Staphylococcus aureus bacteria
Staphylococcus aureus bacteria
Throughout the history of antibiotics, there has been a steady arms race between humans and bacteria. We design a drug that kills them, they develop resistance to it, and we look for another drug. Increasingly, we  encounter strains of bacteria like MRSA or multi-drug resistant Staphylococcus aureus that are resistant to multiple antibiotics.

"Mortality by MRSA infections is surprisingly high," says Alexander Tomasz of Rockefeller University.  "Also this bacteria that we are formerly called the hospital bug.  You [used to acquire] them when you went to a hospital, now these same bugs show up in the community."

Tomasz and colleagues found that a new antibiotic called Ceftobiprole annihilated colonies of MRSA. Like penicillin – one of the first and still one of the most widely used antibiotic agents – Ceftobiprole binds enzymes crucial to making bacterial cell walls, ultimately killing the bacteria.

After widespread use of penicillin, the Staph bacteria developed enzymes less likely to attach penicillin, becoming resistant to the drug. Ceftobiprole manages to elude the bacteria's resistance and bind the enzymes once again.

Moreover, Tomasz says that Ceftobiprole proved effective even against bacteria that were already highly resistant to powerful antibiotics.

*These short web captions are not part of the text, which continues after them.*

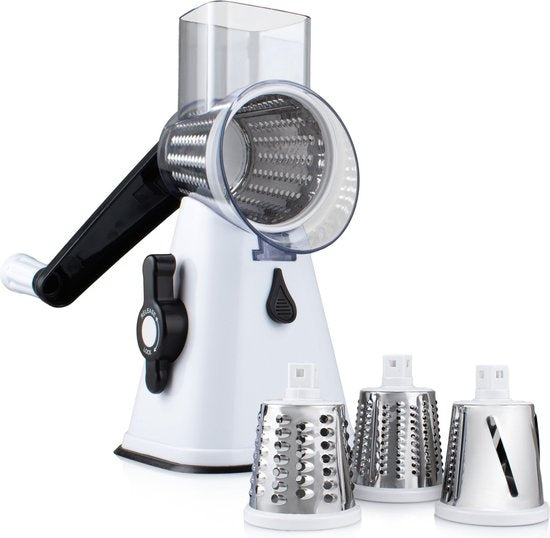 Râpe à tambour Nimma - Comprend 3 accessoires et un couteau en spirale - convient comme moulin à fromage et râpe - Blanc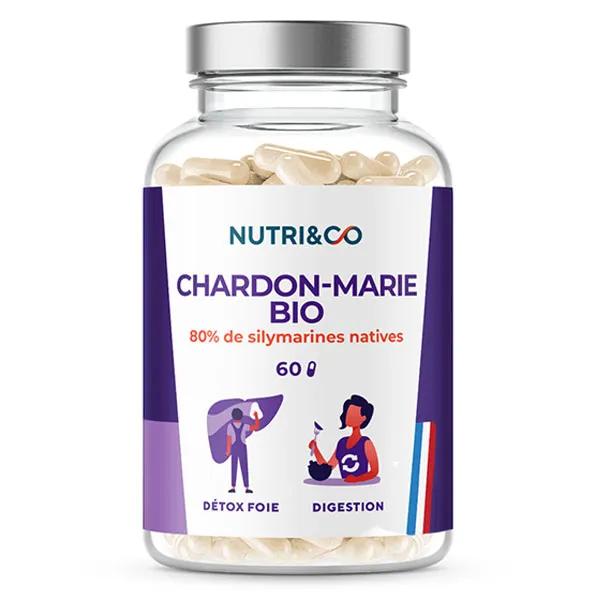 Nutri&Co Chardon-Marie - Drainage et Détox Foie Colon Intestins - 60 gélules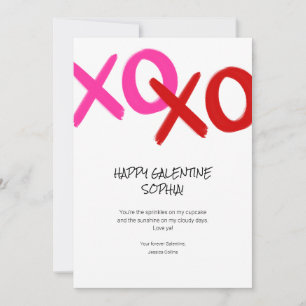 Glad Galentine XOXO Pussar och Kyssar Bästa Vänner Julkort
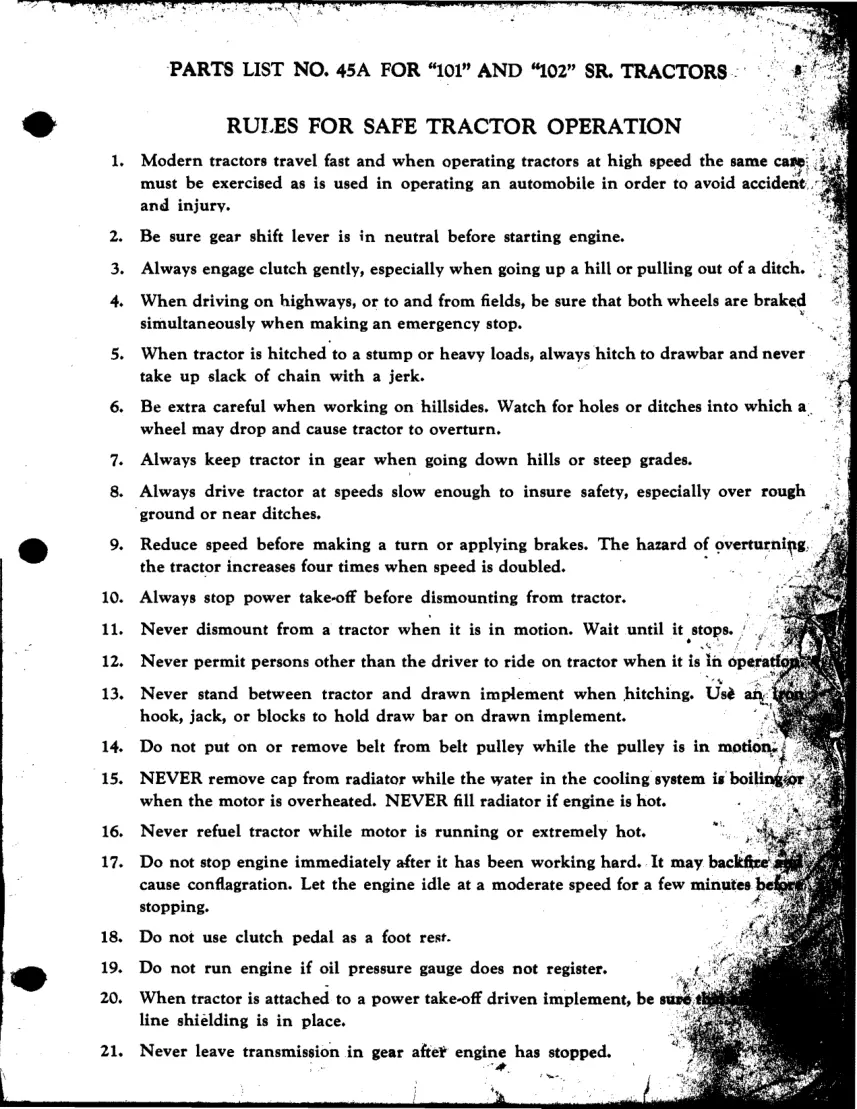 Massey Ferguson Harris 101 102 Senior Tractor Parts Manual preview page 3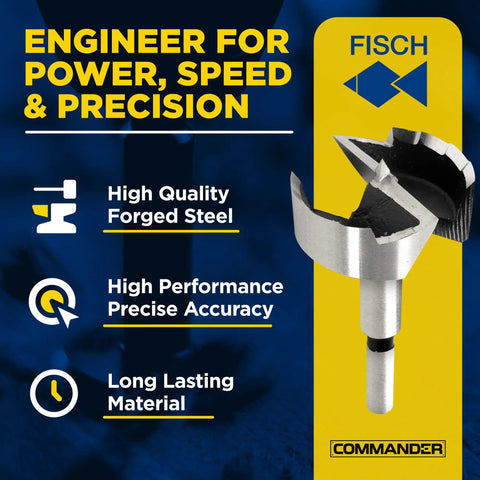 Badass 16 Piece Wave Cutter Forstner Bit Set With Slick Patented Geometry For Dead On Accuracy And Splinter Proof Woodworking Holes In Rugged Custom Wooden Storage Box close-up of forged steel wave cutter bit highlighting precision features.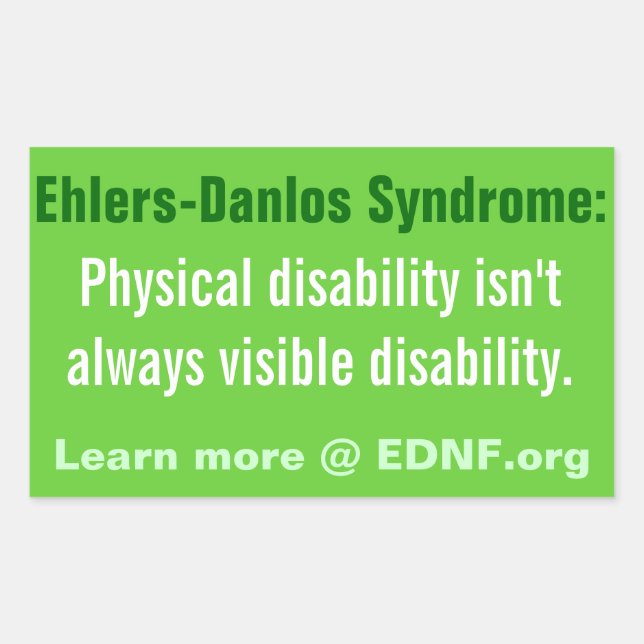 Adesivo Retangular Vinheta da síndrome de Ehlers-Danlos (EDS) - EDNF. (Frente)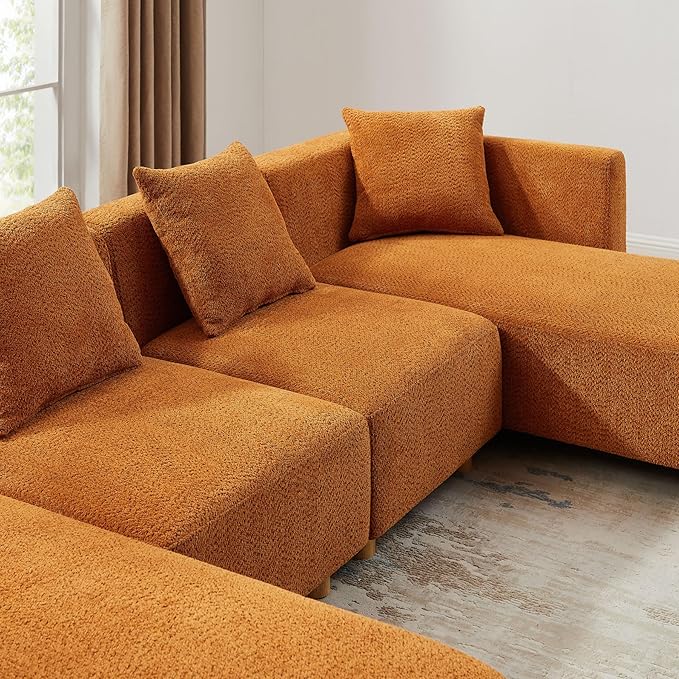 VANOMi 113 Sectional Sofa with 4 Pillows U-Shaped 4-Seater Comfy Boucle Cloud Couch Modern Double Chaises Lounge Sofas for Living Room Office Apartment (Curry-U)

Within bacteria populations there are small subpopulations, say 10,000 out of ten billion, of especially drug resistant bacteria. This subpopulation may be a hotbed for new resistance, sharing their tricks with other bacteria. Tomasz deliberately tested Ceftobiprole on this subpopulation and found "to [his] delight they were wiped out. So that particular resource which the bugs already seem to have put into reserve, they don't succeed."

Although Tomasz is excited about this new potential weapon against MRSA, he cautions that bacteria are true survivors and capable of finding a way around any drug, even Ceftobiprole. So the war against Staphylococcus aureus continues.

The research will appear in the August 2008 issue of the journal Antimicrobial Agents and Chemotherapy and is available online now.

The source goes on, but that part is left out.